小説では年配女性のセクハラに対する無自覚・無理解が強調されていて、被害女性にとって深刻な状況が浮き彫りになる。
セクハラを避けるには
この小説が描いたセクハラの力学を考えると、セクハラ被害を未然に防ぐことはかなり難しい。カルト宗教が存続し、自発的に加入する人が後を絶たないことがそれを証明している。自分の欲望を満たすために権力を利用する加害者はいくらでもいるし、教祖の話法に身を委ねてしまう被害者も無数にいる。
竹下節子は、『カルトか宗教か』(文春新書)の中で人がカルトに加わる理由を次のように説明する。
メンバーは最初は誘惑されるが、結局は自分の意思でカルトを選択するのだ。カルトが人を無理やり回心させるわけではない。人がすでに持っている自己変革のモティヴェーションや、現実拒否の欲求や、憧れや理想を利用してうまく取り入るだけだ。
竹下節子『カルトか宗教か』
Amazonへ
これはセクハラにも当てはまる。

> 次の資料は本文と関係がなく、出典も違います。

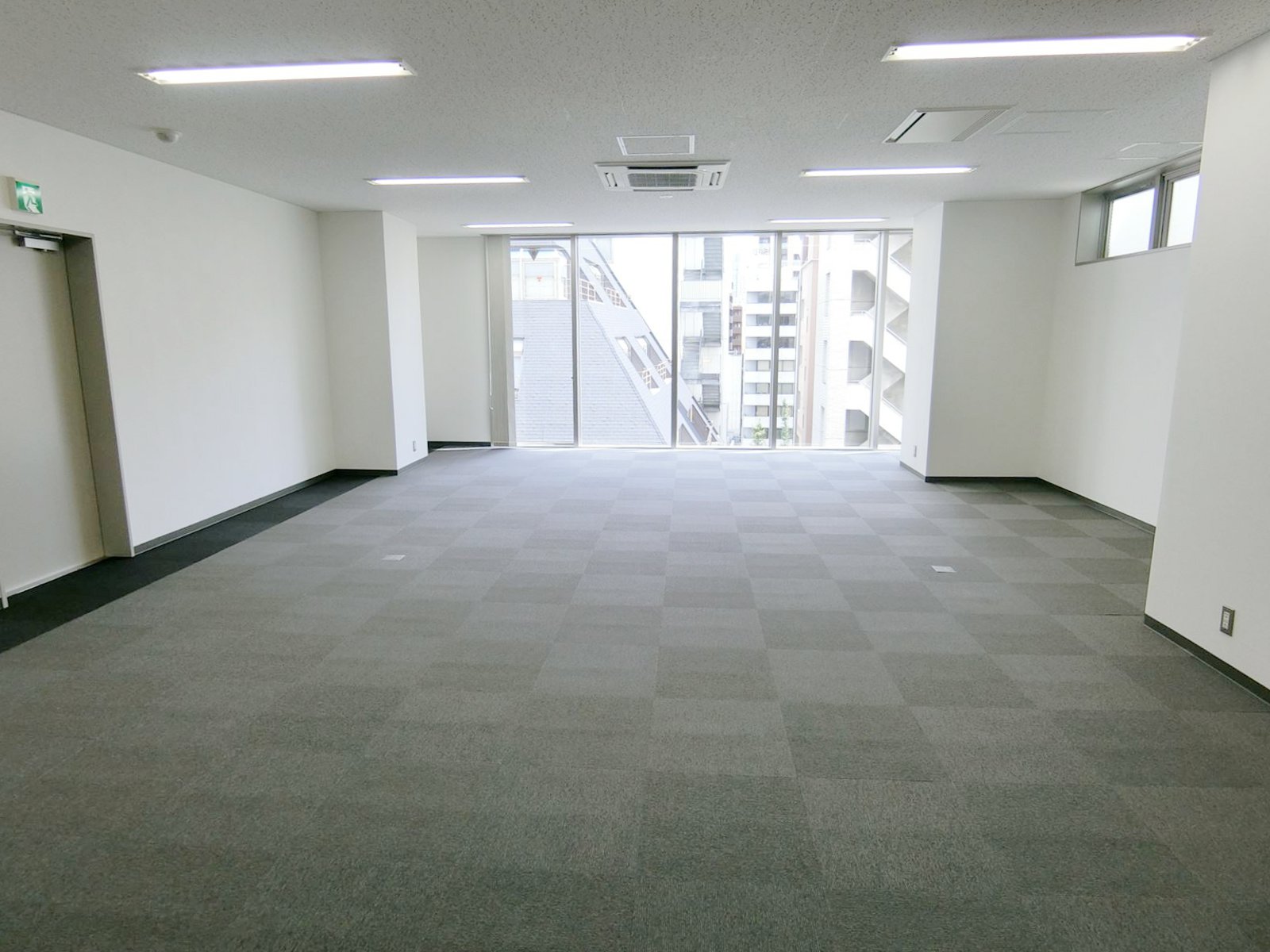 貸室別角度からの様子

月島のセクハラを受けた咲歩と洋子も、小説への憧れや小説家になりたいという動機を利用され、月島の接近を許し、二人きりになる状況を選択した。男の強引なやり方はあったにしろ、自分の意思はあった。だからこそ彼女たちは、苦悩する。なぜ私は最初から拒絶しなかったのか、拒絶できなかったのかと。
では、どうすればセクハラの被害を避けられるのだろうか。あからさまなカルトだけでなく、この小説に書かれたように、そうは見えない集団やサークルがカルト的な性格を備えている場合は少なくない。そうした集団で指導的な立場の人間が一部のメンバーだけが、下の名前で呼んでいたらまず怪しむこと。さらに、そのようなタイプの指導者と1対1で会わないこと。指導者は、特別に教えたいことがあるなどと理由をつけるが、信じてはいけない。これを徹底するしかない。
もし自分が、そのような人物と二人切りで会ってもよい、あるいは会う理由があると思ったとしたら、すでに「自己変革のモティヴェーションや、現実拒否の欲求や、憧れや理想」を利用されて、心を支配されているかもしれないと認識したほうがいい。
逆に集団の指導的立場にある人であれば、特定の誰かを下の名前で呼ぶことを避けるべきだろう。そうした時点で、本人にその気がなくてもすでにセクハラ的な空気を発散していると見られることになるのだから。